Survivor of deadly Alpine Meadows avalanche recounts five-day ordeal

By Bran Branan, Sacramento Bee

MAMMOTH LAKES — Anna Allen survived the most deadly avalanche in U.S. ski history, fighting through frostbite and severe dehydration during the five days she was buried beneath heavy snow and debris at Alpine Meadows.

The March 31, 1982, avalanche took the lives of seven people, including Allen’s boyfriend and three of her colleagues at the Truckee-area ski resort. Allen attributes her survival to her faith in the search and rescue system, but understands that luck played a role. She was in a building when the great wave of snow slammed into it; the building was crushed but the debris helped create an air pocket that saved her.

In the more typical avalanche scenario – a victim encased in snow – Allen would not have survived. According to one widely cited Canadian study, people buried in an avalanche are unlikely to survive if not rescued within 20 minutes, because of the dangers posed by trauma and suffocation.

The return of significant snowfall to the Sierra this season, after four years of below-average precipitation, has brought skiers back to the mountains – and raised the risks for avalanches.
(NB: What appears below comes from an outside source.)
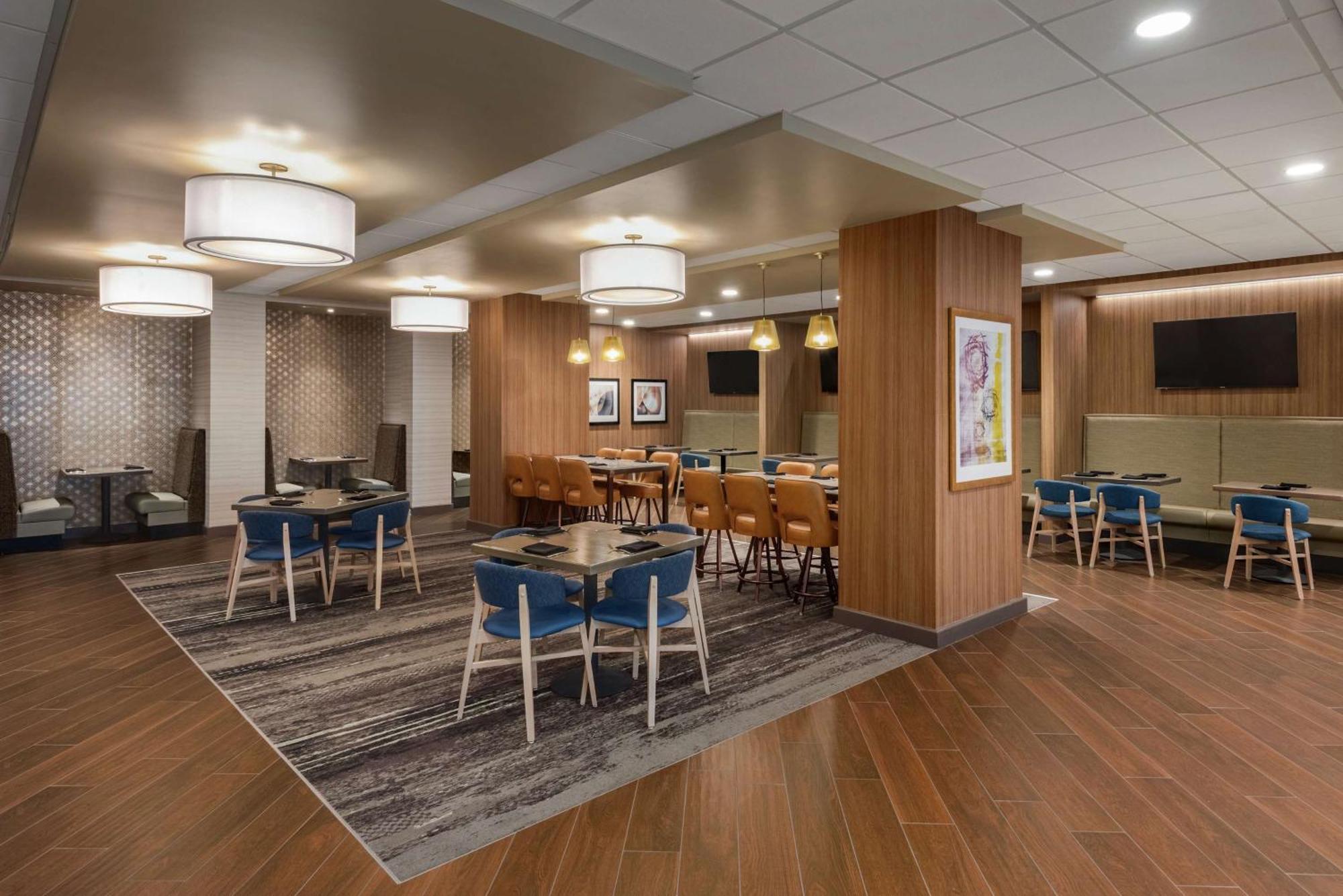 Doubletree By Hilton St. Paul, Mn Hotell Saint Paul Exteriör bild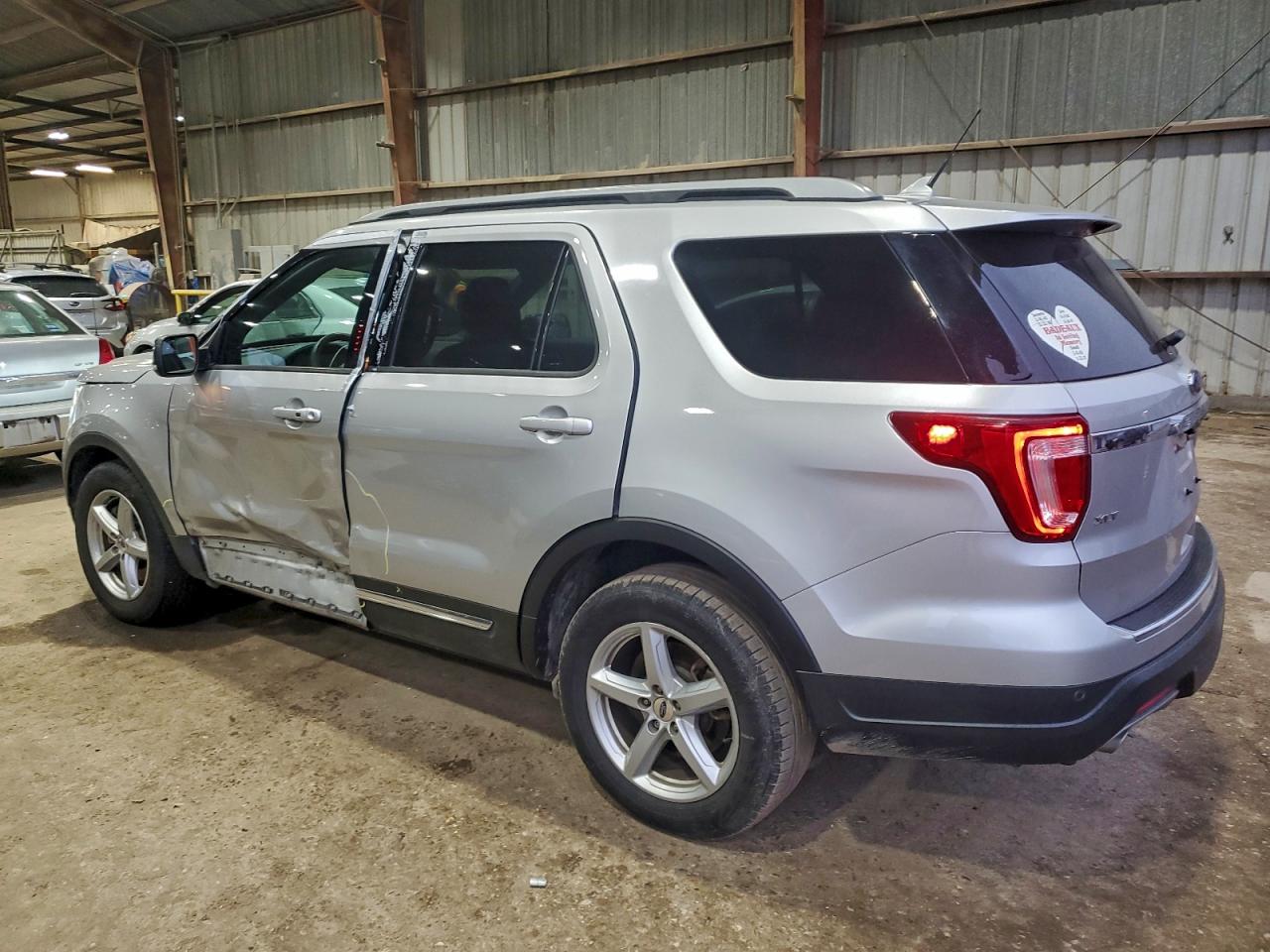 2018 FORD EXPLORER XLT photo 2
Leaders of Sierra search and rescue teams say stories such as Allen’s have given them greater motivation to continue intensive recovery efforts for avalanche victims even when circumstances suggest they are dead.

Such determination was on display in late January, when crews from across the state braved storms and high avalanche risk for five days as they looked for 23-year-old Carson May, a Sugar Bowl ski instructor who went missing.